COS 226 Programming Assignment

Bin packing

princetonshipping.com has just hired you as a consultant to help them optimally pack items of various weights into shipping crates. You are permitted to pack multiple items in the same crate, but union regulations prohibit you from packing more than 100 pounds of total weight to any one crate. Since your marginal cost is proportional to the total number of crates used, your task is to assign items to crates to use as few crates as possible. Admirably, you recall from COS 126 that this problem is NP-hard; thus it seems hopeless to find an efficient algorithm for finding the optimal packing. Instead, your goal is to design heuristics that run fast and produce high quality solutions.

We formulate the bin packing problem as follows:  given a set of N weights between 0.0 and 1.0, find a way to assign them to a minimal number of bins, each of capacity 1.0. Two intuitive heuristics immediately spring to mind. The worst-fit heuristic is to consider the weights in the order they are presented:  if the weight won't fit in any bin, create a new bin; otherwise place the weight in a bin that has the most remaining space. For example, this algorithm would put the weights 0.7 0.8 0.2 0.15 0.15 into three bins: {0.7, 0.2}, {0.8, 0.15}, {0.15}. The best-fit heuristic is identical, except that the weight is placed in a bin that has the least space among all bins with enough room to store the weight. This algorithm would put the same sequence of weights into two bins: {0.8, 0.2}, {0.7, 0.15, 0.15}.

Your task is to implement the two heuristics and compare their performance.

Perspective.   The bin packing problem is a fundamental problem for minimizing the consumption of a scarce resource, usually space. Applications include: packing the data for Internet phone calls into ATM packets, optimizing file storage on removable media, assigning commercials to station breaks, allocating computer memory, and minimizing the number of identical processors needed to process a set of tasks by a given deadline. In the latter example, the scarce resource is time instead of space. Cloth, paper, and sheet metal manufacturers use a two-dimensional version of the problem to optimally cut pieces of material (according to customer demand) from standard sized rectangular sheets. Shipping companies use a three-dimensional version to optimally pack containers or trucks.

Item data type.   To use the priority queue and symbol table ADTs, you need to specify and implement an appropriate Item data type to represent the bins. In addition to a list of the weights, this data type should contain a key field for use with a priority queue or symbol table ADT. The files item.h and item.c provide a sample interface and implementation of the Item data type for doubles. One of your challenges is to rewrite these two files to be useful in your bin packing applications. This will require some thought (and perhaps a few iterations on the problem). You must use the same Item data type in both of your heuristics.

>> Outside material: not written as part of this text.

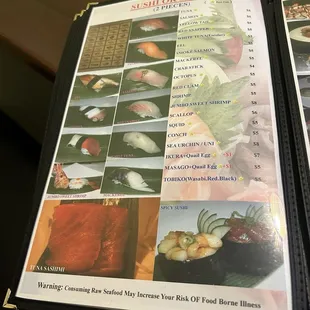 Menu (September 2024)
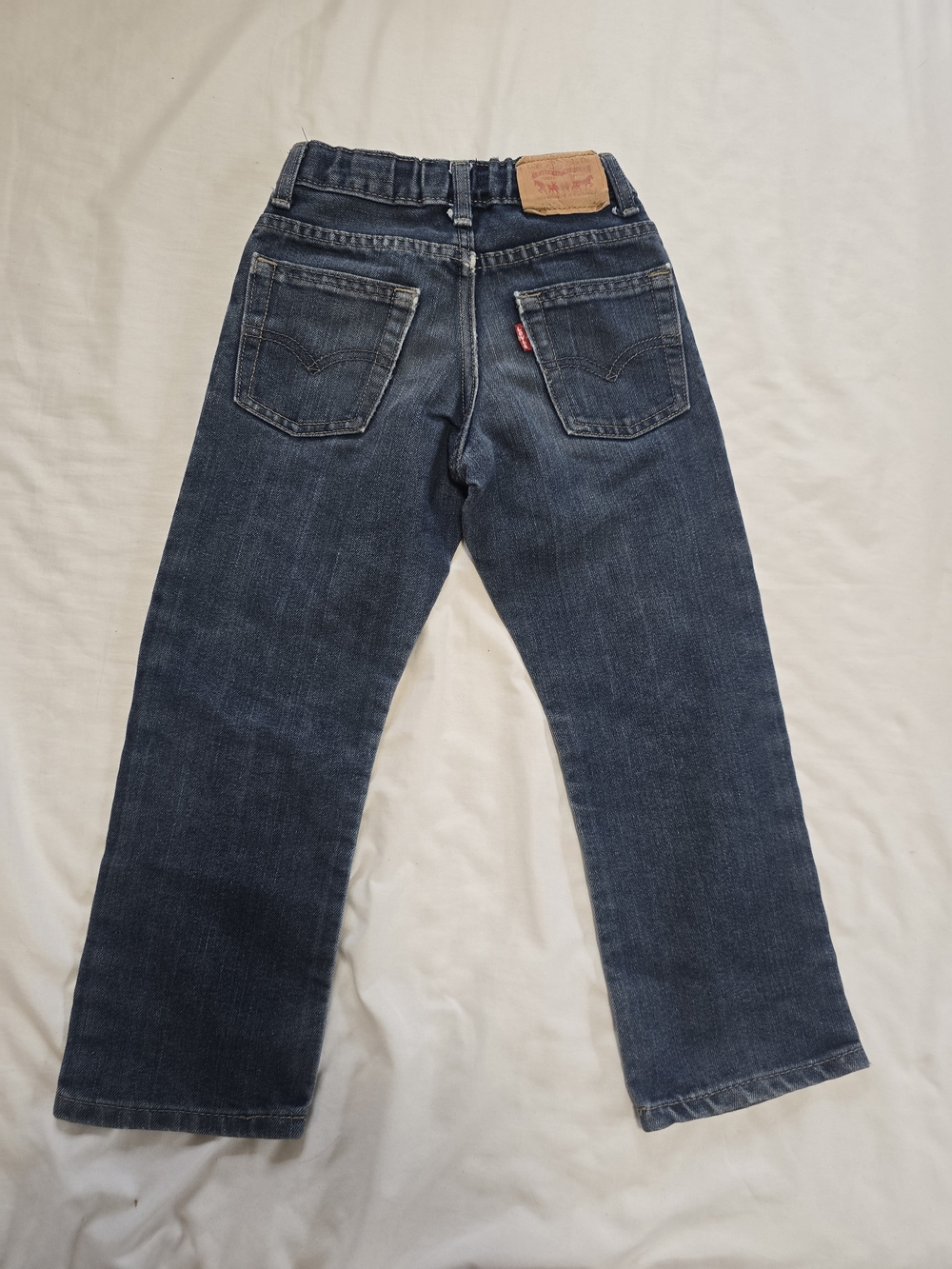 Levi's 511 Slim Boys Jeans Size 5 Regular Medium Wash Distressed Knee Stretch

Priority queue and symbol table ADTs.   For each of the two basic heuristics (worst-fit and best-fit), you will need to develop an efficient data structure that supports all of the basic operations needed to implement that heuristic. You are required to implement each of your heuristics using the client-implementation-interface paradigm.

For the worst-fit heuristic, create an interface pq.h that specifies which operations your data structure will support. You will certainly need insert and delete the maximum, so a priority queue seems like a judicious starting point. Create a file pq.c that implements these operations and a client program worstfit.c that uses these operations to perform the worst-fit heuristic. As a starting point, you may use this priority queue implementation and interface. They are adaptions of the heap code in Sedgewick Program 9.2. You are free to add functionality to the interface and implementation to support the client.

For the best-fit heuristic, create an interface st.h that specifies which operations you will need to support the best-fit heuristic. You will certainly need an insert operations. You will also need an efficient way to find the most full bin among those that still have enough room to store a given weight. Implementing this will require some careful thought and design. You might start by implementing a brute force solution, but you will quickly see that this approach is too slow to be useful in practice. Binary search trees provide more flexibility than priority queues, so as a starting point, consider using the following symbol table implementation and interface. They are adaptions of the randomized binary search tree code in Sedgewick Programs 13.2-13.4.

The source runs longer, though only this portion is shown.